Opinion: Marking Bullets Way Off Target

Idea To Mark Bullets Way Off Target

 
http://www.courant.com/news/opinion/editorials/hc-sherman0327.artmar27,0,6263022.story
Every year during the legislative session, Connecticut plays host to a medicine show of phony remedies for violent crime. Now that spring is here, so is the snake oil.

Two purported anti-crime bills are now being considered by the General Assembly. Both bills promise amazing results, but the buyer should beware.

Senate Bill 603 would outlaw the sale of firearms ammunition that does not bear a serial number on the bullet and the cartridge case. The serial number is supposed to help police track criminals who use guns.

The other nostrum, Senate Bill 607, would outlaw the sale of firearms unless they micro-stamp a unique number or other mark on ammunition that they fire. The police would keep a database of these marks so that a spent bullet or cartridge case (from a crime scene) could be traced to a particular gun.

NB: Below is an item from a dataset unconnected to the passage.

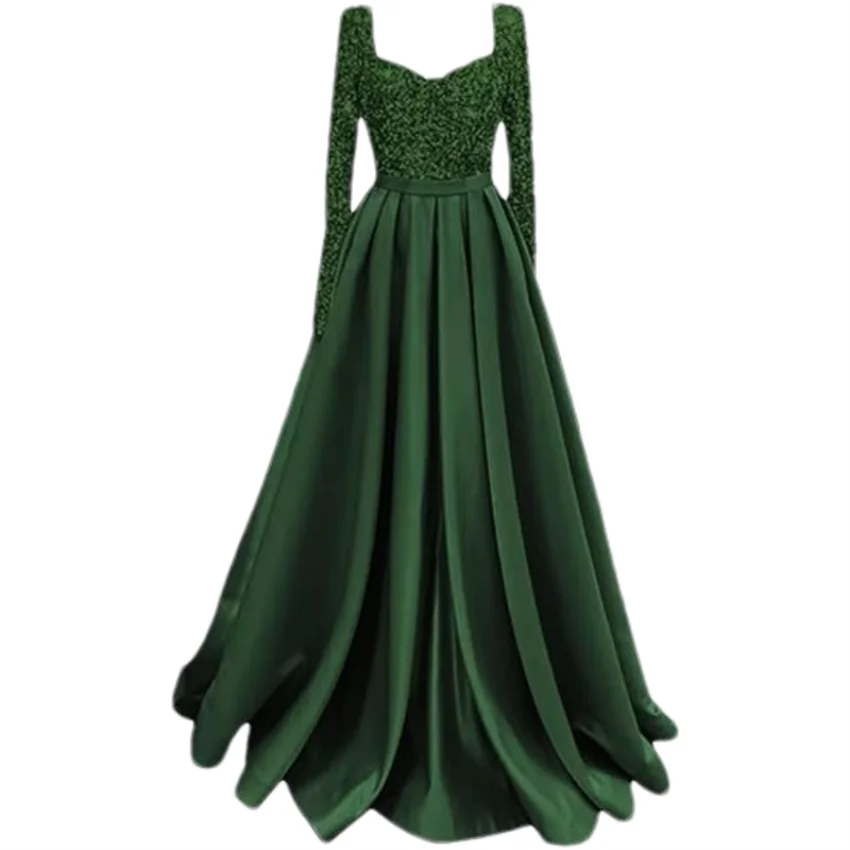 Long Sleeve Sequin Prom Long Satin Women Formal A-Line Evening Party Ball Gown Dress w/ Pockets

Such a database is known as a "ballistic imaging" database.

The legislature and the public need to know that the general concept of a ballistic database has been discredited by one research study after another, most recently by the National Academy of Sciences.

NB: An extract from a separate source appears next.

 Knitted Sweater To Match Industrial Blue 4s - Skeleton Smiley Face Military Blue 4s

The academy was hired by the U.S. Department of Justice to study the feasibility of establishing a national ballistic imaging database. In a report published March 5, the academy recommended that no database be established now. As for micro-stamping, the academy said more research is needed, particularly on the questions of the durability of micro-stamping and its susceptibility to tampering.

Indeed, regardless of whether new technology is employed to leave tiny marks on spent ammunition, the parts of guns that make these marks could be altered easily and quickly with a small screwdriver or a file. This would make the images in a government database useless.

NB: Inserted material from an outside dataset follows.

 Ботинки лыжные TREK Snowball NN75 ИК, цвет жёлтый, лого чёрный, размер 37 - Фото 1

And at what cost? In Maryland, a ballistic database was started in 2000. Five years and $3 million later, the database made headlines because — at last — one criminal conviction was achieved through the use of the database.

One reason that these databases have little value is that of the 220 million firearms in private ownership in the United States, only a fraction of 1 percent are ever used in crime. Establishing a firearms database to solve crimes is like drafting an army to battle a housefly.

The proposal to put serial numbers on ammunition is reminiscent of the "smart gun" proposals of 10 years ago.

In the 1990s, several start-up companies lobbied here and elsewhere for legislation that would outlaw the sale of guns that did not incorporate some technology to prevent "unauthorized users" from shooting. The proposals may have sounded sensible at first, but they were riddled with practical problems and were not supported by law enforcement. Now those start-up companies are history.

One of the many problems with serial numbers for ammunition is the fact that billions of rounds of ammunition without serial numbers are currently on the shelves in shops and in private homes. Ammunition is not perishable, and many of these rounds may remain unfired for years or decades. So it would not be difficult for criminals to purchase, steal and hoard old ammunition that has no serial number. (As a rule, criminals do not use much ammunition. Unlike law-abiding gun owners, criminals tend not to spend Saturday morning at a gun club, shooting several hundred rounds for fun.)

Furthermore, the serialization of ammunition shares a problem with micro-stamping: it would not be difficult to disassemble a round of ammunition and obliterate the serial number. A numbered round could also be dismantled and reloaded with a number-less bullet. These measures would be child's play to someone who is serious about using a gun to commit a violent crime.

When these legislative proposals are boiled down, the reduction amounts to snake oil — a touted preparation with a reputation for curing nothing.

There is no good reason to buy it.

Ralph D. Sherman of New Britain is a lawyer and the chairman of Gunsafe, a Second Amendment organization in Connecticut.